**Data to process:**

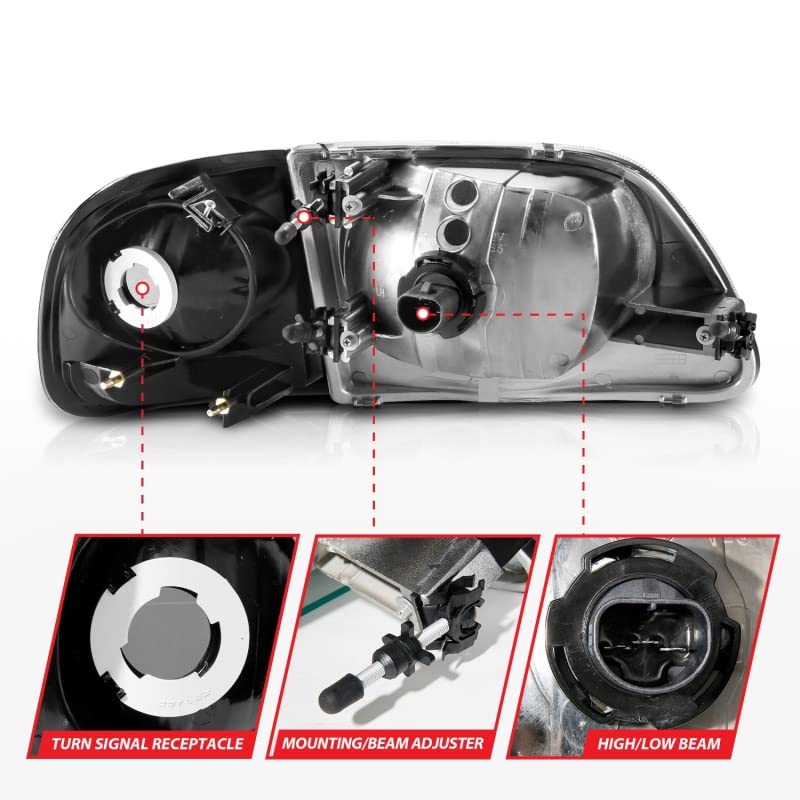 CRYSTAL FORD F-150 HEADLIGHTS BLACK W/PARKING LIGHTS 97-03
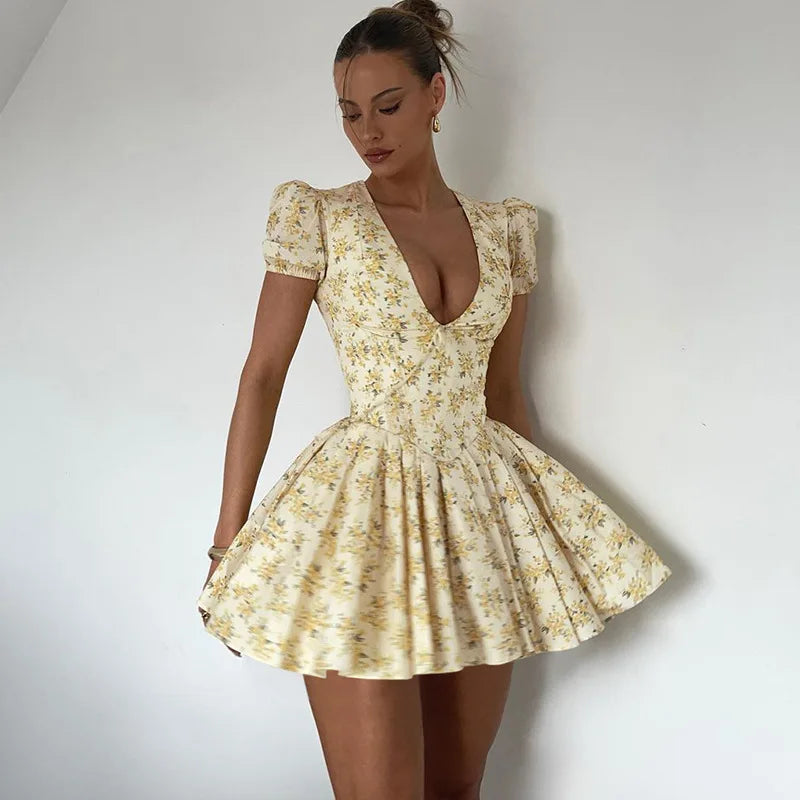 TARUXY Sexy Deep V Neck Women's Dresses 2024 Summer Fashion A-line Dress Female High Waist Pleated Printed Beach Party Dresses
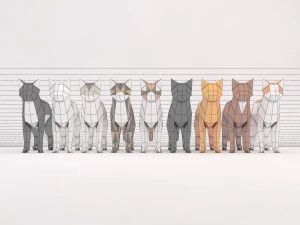 origami --- configura&ccedil;&atilde;o de gato Modelo 3D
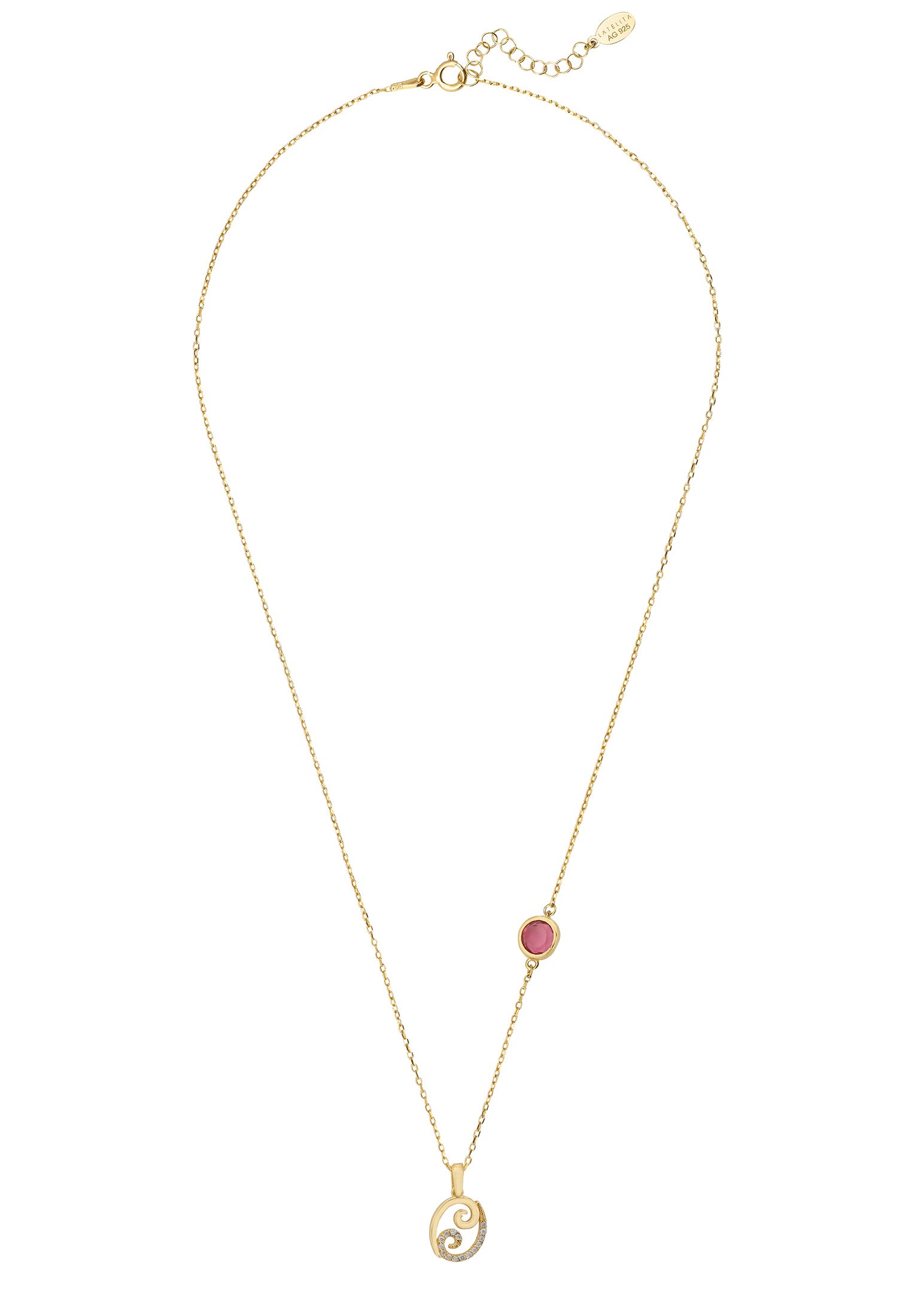 Zodiac Birthstone Cancer Necklace Ruby Gold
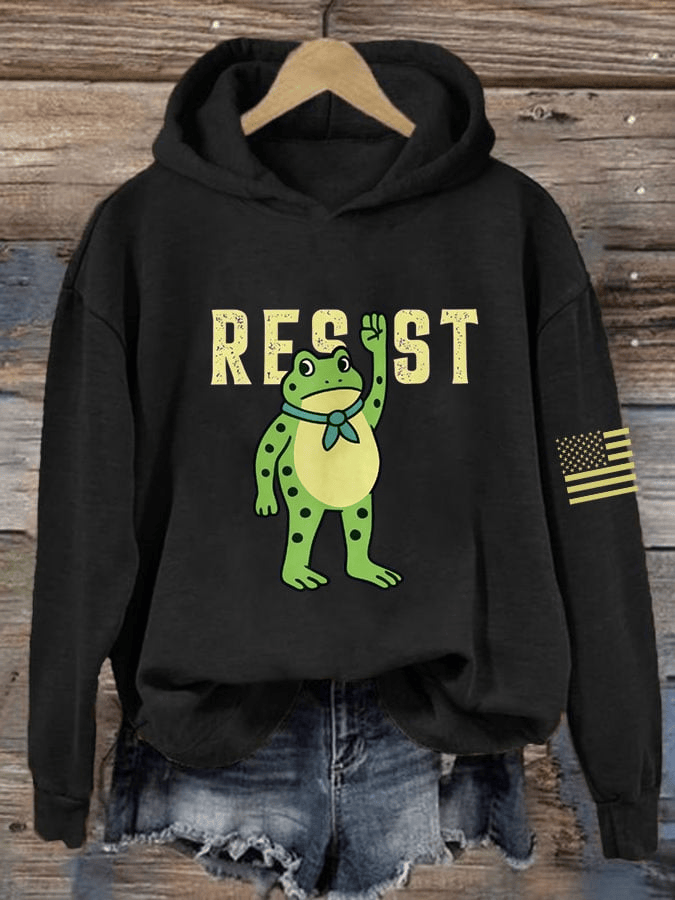 FDT Polish Frog Print Hooded Sweatshirt Resist Crewneck Anti Trump Shirt Gift for Her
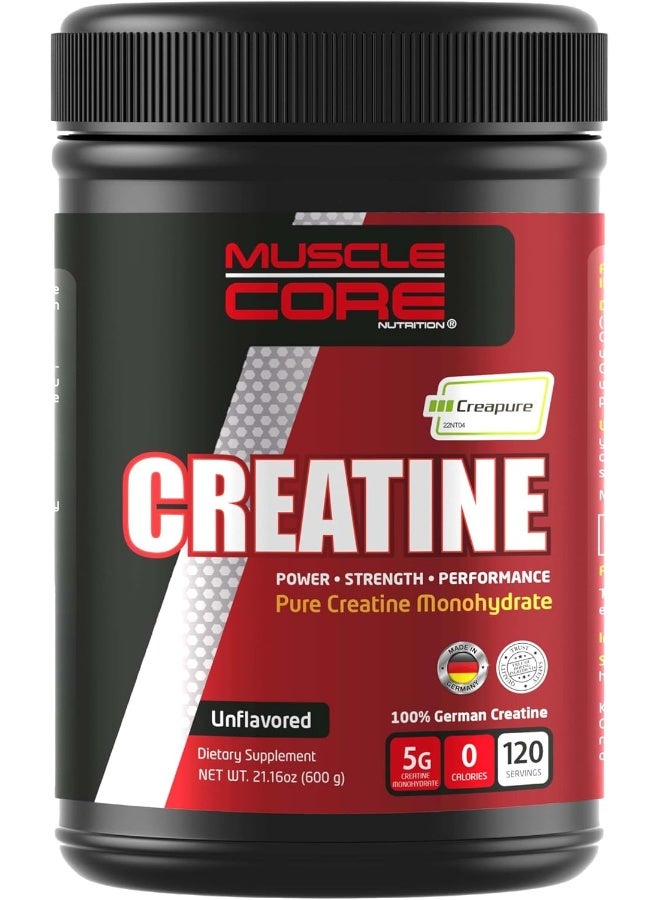 100% Pure Monohydrate Creatine Help To Increase Muscle Mass And Performance Unflavoured 600 Grams 120 Servings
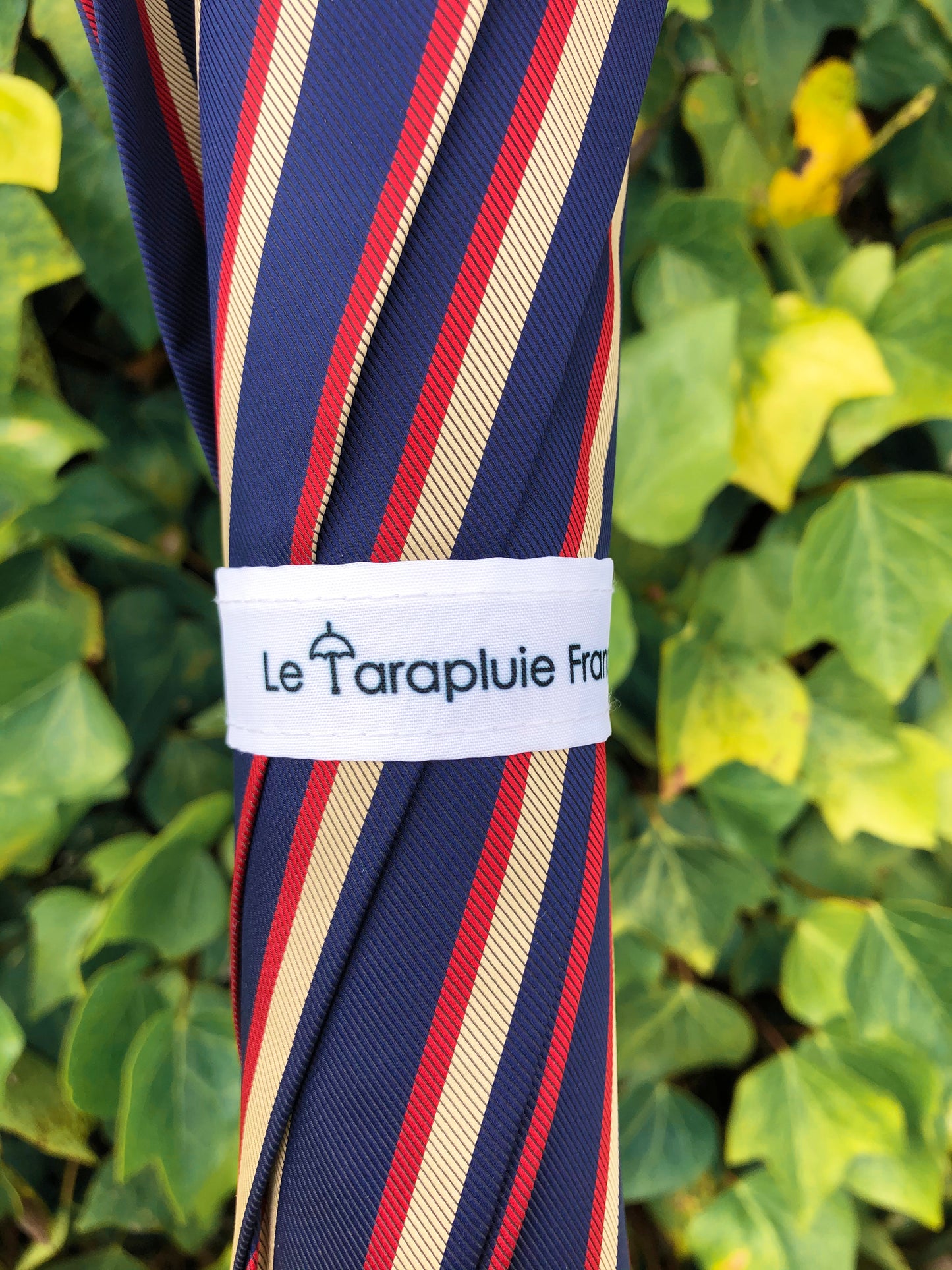 Man Stripes Umbrella Hazelnut Handle | Everyday Luxury Made in France | Free Shipping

**What you should do:** Only the lines from the line with "FDT Polish Frog" to the bottom of the material above should be reproduced, exactly and without pictures.

**Task result:**
 FDT Polish Frog Print Hooded Sweatshirt Resist Crewneck Anti Trump Shirt Gift for Her
 100% Pure Monohydrate Creatine Help To Increase Muscle Mass And Performance Unflavoured 600 Grams 120 Servings
 Man Stripes Umbrella Hazelnut Handle | Everyday Luxury Made in France | Free Shipping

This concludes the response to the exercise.